What makes pricing tables harder than normal tables

  • feature names often live in sticky first columns
  • plans may be laid out as cards or comparison grids
  • desktop and mobile versions may both exist in the DOM
  • visual checkmarks or badges can turn into messy plain text

A safer workflow for Excel

  1. Detect the table on the page.
  2. Open the preview before copying.
  3. Keep the first column visible while reviewing the plans.
  4. Remove empty rows and duplicate rows.
  5. Export as Excel-friendly CSV.

Why preview matters

For pricing pages, the preview step is where you:

  • verify that headers map to real plan names
  • delete decorative rows
  • reorder columns if the business story needs a different order
  • keep only the rows that matter for the spreadsheet

When to merge multiple tables

Some sites separate monthly and yearly pricing, or split one comparison into several blocks. In that case, TableSnap's collection workflow lets you capture several related tables and merge them into one export surface before download.

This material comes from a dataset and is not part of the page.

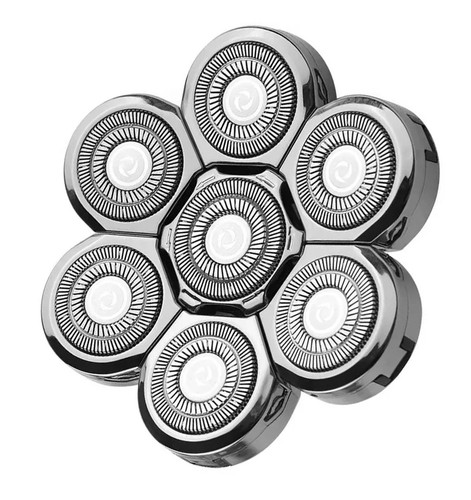 Shaver replacement heads - shaver,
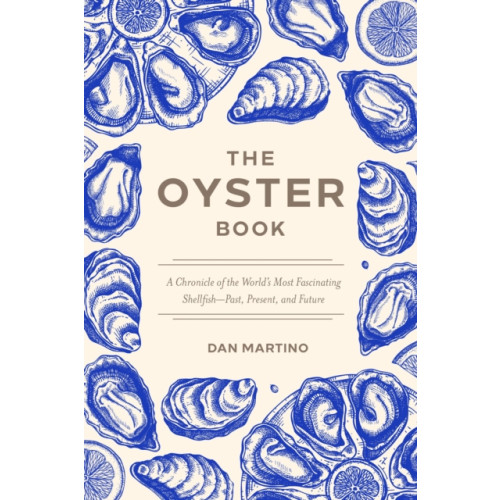 Surrey Books,U.S. The Oyster Book (inbunden, eng)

Best destinations after export

  • Excel for stakeholder comparison sheets
  • Google Sheets for collaborative analysis
  • Airtable for lightweight content operations
  • Markdown if the final output is a launch memo or decision doc

Bottom line

If your real query is "copy pricing table to Excel" or "extract comparison table from a website", the winning move is not scraping the whole site. It is capturing the visible table cleanly and shaping it before export.